**Exercise materials:**
[Start of section]

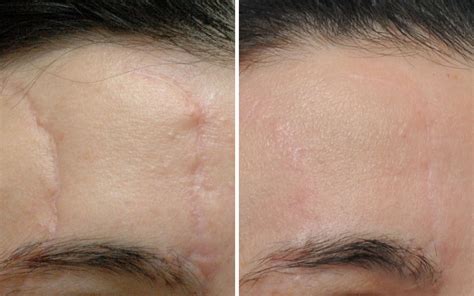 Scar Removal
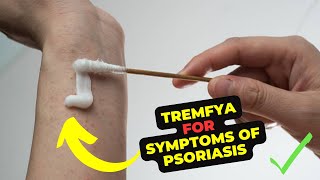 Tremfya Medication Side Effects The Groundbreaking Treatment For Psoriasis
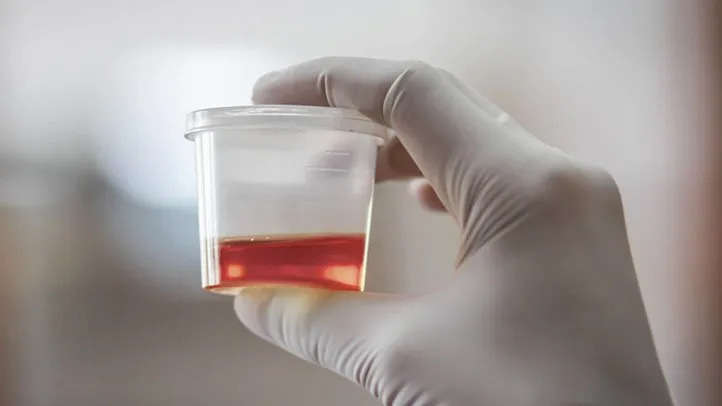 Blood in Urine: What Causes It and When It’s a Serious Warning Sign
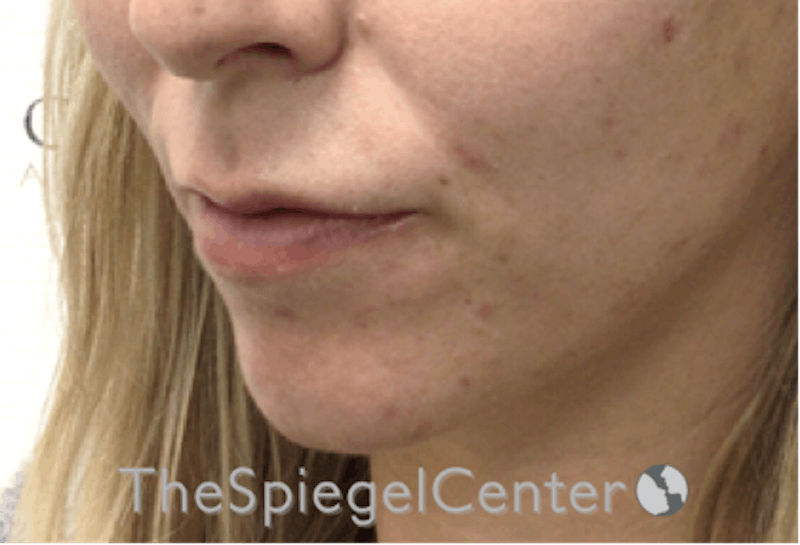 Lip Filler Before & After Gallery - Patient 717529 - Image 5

[End of section]
[Start of section]

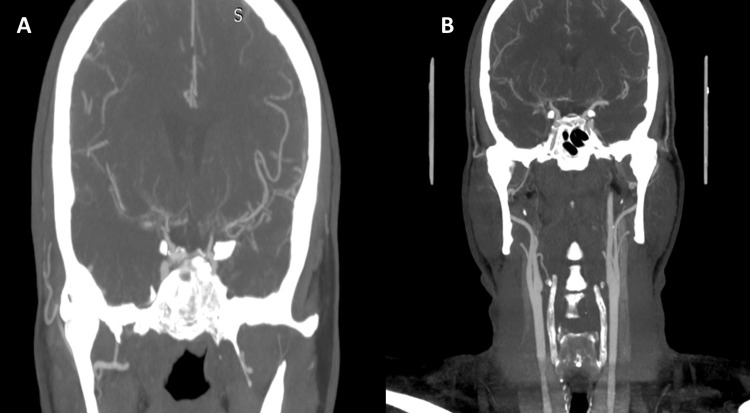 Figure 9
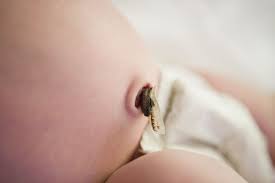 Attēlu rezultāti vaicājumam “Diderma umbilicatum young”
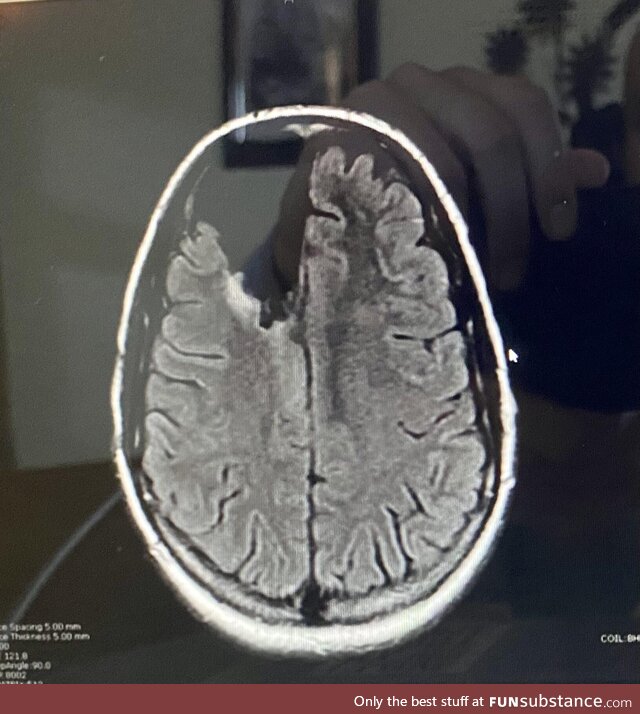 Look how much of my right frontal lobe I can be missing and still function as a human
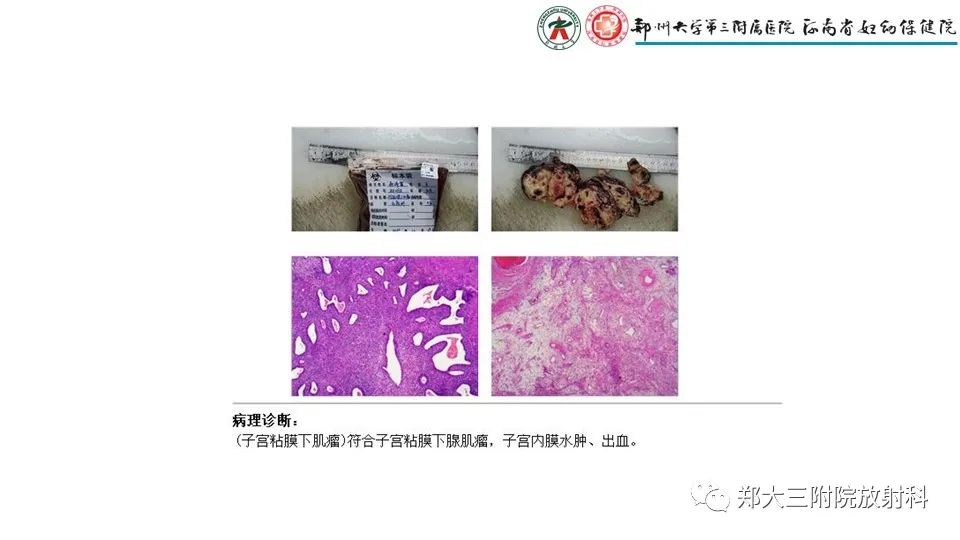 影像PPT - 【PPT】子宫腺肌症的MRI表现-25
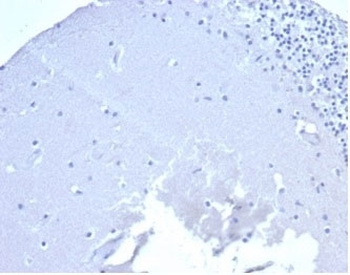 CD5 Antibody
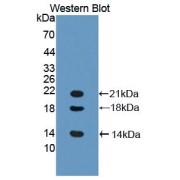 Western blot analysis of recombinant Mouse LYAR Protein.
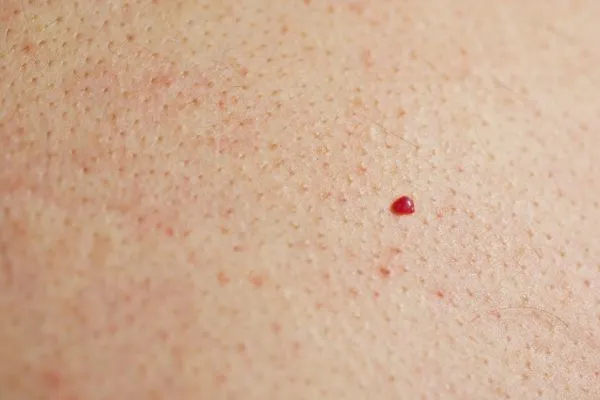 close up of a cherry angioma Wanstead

[End of section]
[Start of section]

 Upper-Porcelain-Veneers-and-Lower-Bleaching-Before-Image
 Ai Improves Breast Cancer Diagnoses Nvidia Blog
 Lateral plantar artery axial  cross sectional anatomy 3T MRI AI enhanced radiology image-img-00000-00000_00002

[End of section]

**Work request:**
Between and including the line above that contains "Attēlu rezultāti vaicājumam" and the line that contains "close up of a cherry angioma Wanstead", restate every line word for word. Pictures stay out.

**Answer section:**
 Attēlu rezultāti vaicājumam “Diderma umbilicatum young”
 Look how much of my right frontal lobe I can be missing and still function as a human
 影像PPT - 【PPT】子宫腺肌症的MRI表现-25
 CD5 Antibody
 Western blot analysis of recombinant Mouse LYAR Protein.
 close up of a cherry angioma Wanstead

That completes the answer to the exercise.